Is it really so radical to say that Fat Acceptance spaces need to be free of diet discussions? Actually, I don’t think it is. And I say this even though I believe that there has to be a starting point on the FA journey for everyone (as I have repeatedly stated before). I just don’t think weight loss stories are an appropriate starting point.
I’ve put together this diagram and the points below to help clarify my thoughts – but it’s really a work in progress and is intended as a starting point for discussion. Anyway, what I’m trying to say is have at it, discuss, dispute, whatever. Dive right in. The water’s fine.
Accepting one’s self and having a core sense of self-worth does not necessarily equate to loving your body in its current state. Nor does a lack of self esteem necessarily equate to lack of body acceptance (although I would hazard a guess that if your self esteem is low, you are going to be more inclined to dislike your body). A sense of self worth can be built on who you are; your place in your community, family, work; what you like doing and do well; your hobbies and accomplishments. While appearance may be a factor in self worth, in most people I believe it would be only one of the components of their sense of self.

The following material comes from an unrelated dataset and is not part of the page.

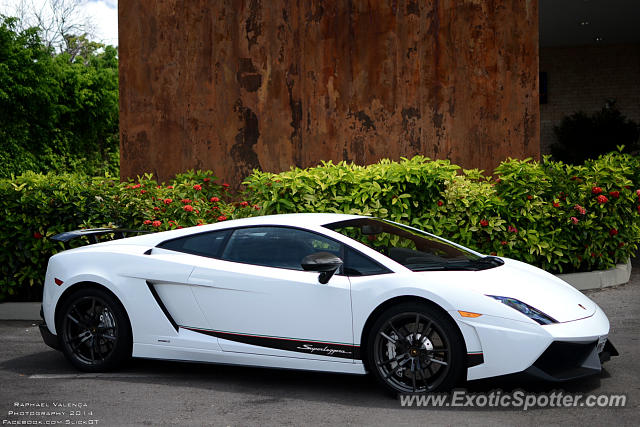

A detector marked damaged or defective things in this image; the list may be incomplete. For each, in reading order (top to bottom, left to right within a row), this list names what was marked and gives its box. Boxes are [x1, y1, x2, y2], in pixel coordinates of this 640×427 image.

To put it another way, Self Acceptance relates to the inner whereas Body Acceptance relates to the outer
2. Fat Acceptance vs Size Acceptance – Allies with a difference
Philosophically, Size Acceptance and Fat Acceptance are very similar. SA and FA both advocate an end to size & weight related discrimination. Many FA and SA activists follow the principles of HAES (Health At Every Size). Many have learned to love their body at its set point, regardless of whether that is fat or thin or in between.
The point of difference to my mind is that Fat Acceptance explicitly states that FAT is – and must be – part of that discussion; there can be no upper weight or size limit to our quest for rights and acceptance. There can be no point at which we nudge each other, compare bodies and say, “Well, I’m fat, but she is something else again. That really can’t be healthy, can it?”

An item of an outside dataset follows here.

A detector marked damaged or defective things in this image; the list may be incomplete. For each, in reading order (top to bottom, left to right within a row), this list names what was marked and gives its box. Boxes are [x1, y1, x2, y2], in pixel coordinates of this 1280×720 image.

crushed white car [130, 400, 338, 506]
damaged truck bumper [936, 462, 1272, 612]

3. Dieting and Body Acceptance are mutually exclusive
If you are dieting, then you believe your body as it currently stands is unacceptable. Full stop (or period, for the Yanks). It really doesn’t matter whether you are trying to lose weight for cosmetic or ‘health reasons’ – dieting, by definition, is a rejection of the current state of your body and an attempt to change that. The ultimate goal is a smaller or ‘healthier’ you, and regardless of whether you call your diet a ‘lifestyle change’ or ‘eating sensibly’, that is not body acceptance.
4. Therefore Fat Acceptance and Dieting are mutually exclusive
If you believe your own body is so unacceptable that you must starve and shrink it, then by extension, you also must believe that bodies of people who are as large or larger than you are unacceptable. Do I really need to state why that is not Fat Positive?
5. Diet all you like, just don’t talk about it in Fat Acceptance spaces
Some dieters appear to believe that the refusal of Fat Acceptance advocates to diet (or to discuss how to diet or the ‘benefits of weightloss’) somehow impinges on the right of the dieter to bodily autonomy. For my own part, I really don’t care if you diet. But – much as I refuse to listen to Jehovah’s Witnesses who knock on my door – I refuse to take part in endless discussions about calories and what ‘worked’ for you. I will not participate in the celebration of the loss of part of your body. I have made a conscious choice not to diet, despite there being endless cultural pressure to do. Fat Acceptance spaces are one place where that cultural pressure is eased (not removed, eased) for a while. I do not require your validation for my choice, nor do I require you to stop dieting. I just ask that you SHUT UP ABOUT IT already. Thank you.